Give two reasons why ethylene glycol has a higher boiling point than ethanol.

Short answer

Ethylene glycol has more hydrogen bonding and a slightly heavier structure than ethanol, leading to a higher boiling point.

Step-by-step solution

Understanding Boiling Points

Boiling points indicate the temperature at which a substance shifts from a liquid to a gas. They depend on the strength and types of intermolecular forces present within a molecule. The stronger these forces, the higher the boiling point.

Identify Intermolecular Forces in Ethanol

Ethanol, a two-carbon alcohol, has the molecular formula C₂H₅OH. The hydroxyl (-OH) group in ethanol allows hydrogen bonding, a relatively strong intermolecular force, which increases its boiling point.

Identify Intermolecular Forces in Ethylene Glycol

Ethylene glycol, C₂H₄(OH)₂, contains two hydroxyl (-OH) groups, which can form more hydrogen bonds than ethanol. More hydrogen bonding leads to stronger intermolecular attractions.

Compare the Number of Hydrogen Bonds

Due to having two -OH groups, ethylene glycol can potentially form double the amount of hydrogen bonds compared to ethanol. This results in a more significant collective strength of hydrogen bonding, raising its boiling point.

Consider Molecular Weight and Structure

Ethylene glycol has a similar molecular weight to ethanol but a slightly bulkier structure due to the additional -OH group. This contributes to increased van der Waals forces, further raising its boiling point.

Key concepts

Boiling Point

The boiling point of a substance is the temperature at which it transitions from a liquid to a gas. This transition occurs when the vapor pressure of the liquid equals the external pressure surrounding the liquid.

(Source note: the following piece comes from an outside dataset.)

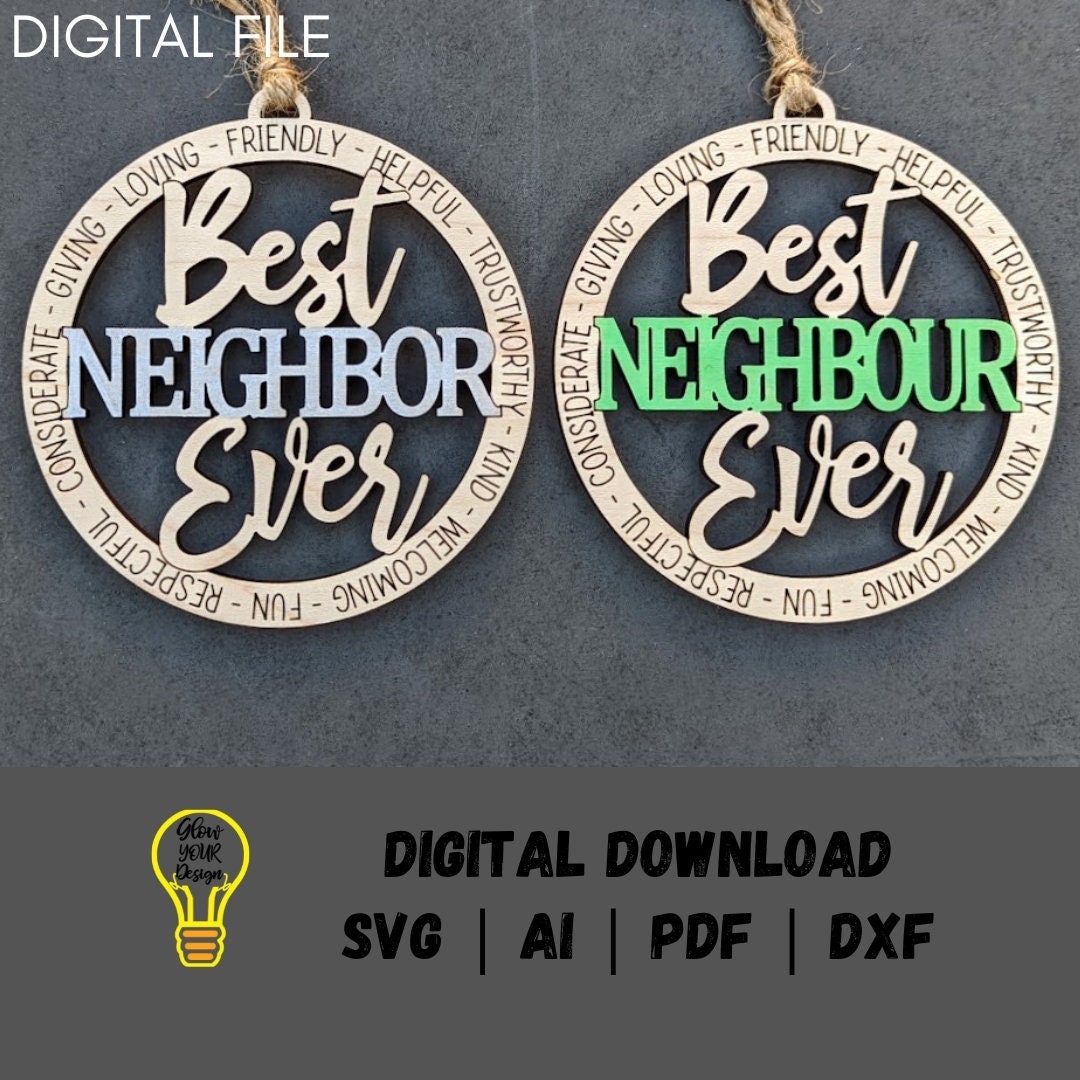DEGASKEN Best Neighbor Ever Gifts, Funny Gifts for Neighbor, Unique Metal Keychain for Neighbor Farewell Going Away, Women's, Size: Pendant 2* 1.2
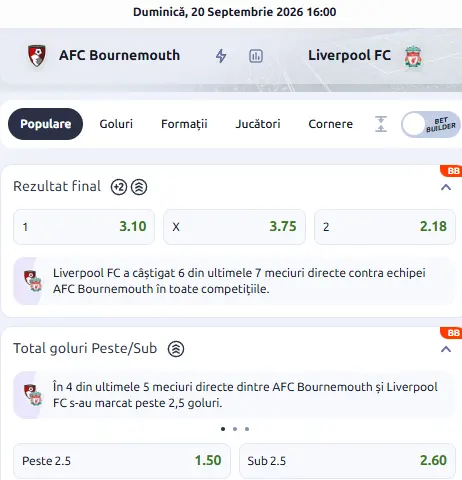 Cote pariuri Bournemouth vs Liverpool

An important aspect affecting boiling points is the strength of intermolecular forces present within the substance.

• Stronger intermolecular forces result in higher boiling points, as more energy is required to overcome these forces.
• Conversely, weaker intermolecular forces lead to lower boiling points.

Boiling points can also vary based on molecular weight and structure. For example, molecules with larger surface areas might exhibit stronger van der Waals forces. However, the presence of significant interactions like hydrogen bonds usually plays a more crucial role in determining the boiling point.

Hydrogen Bonding

Hydrogen bonding is a special type of intermolecular force that occurs when a hydrogen atom is bonded to a highly electronegative atom such as nitrogen, oxygen, or fluorine. This creates an attraction between the hydrogen and the electronegative atom of a neighboring molecule.

• Hydrogen bonds are relatively strong compared to other types of dipole-dipole interactions, which increases the boiling points of substances that can form them.
• These bonds lead to higher levels of molecular cohesion, requiring additional energy (in the form of heat) to break.

In substances like ethanol and ethylene glycol, the presence of hydroxyl (-OH) groups enables hydrogen bonding, contributing significantly to their respective boiling points. Ethylene glycol, with two -OH groups, forms more hydrogen bonds than ethanol, resulting in a higher boiling point due to increased intermolecular force overall.

Ethylene Glycol

Ethylene glycol is a colorless, sweet-tasting chemical compound with the chemical formula C₂H₄(OH)₂. It is commonly used as an antifreeze and a solvent in various industrial applications.

• Ethylene glycol has two hydroxyl (-OH) groups, which facilitates the formation of extensive hydrogen bonding networks.
• These additional hydrogen bonds strengthen the overall intermolecular forces, leading to a higher boiling point than other substances with fewer -OH groups, like ethanol.

Furthermore, while ethylene glycol has a molecular weight similar to ethanol, its structure allows it to form more robust interactions. This structure, along with increased hydrogen bonding, significantly elevates its boiling point compared to ethanol, making it particularly useful in applications where high thermal stability is required.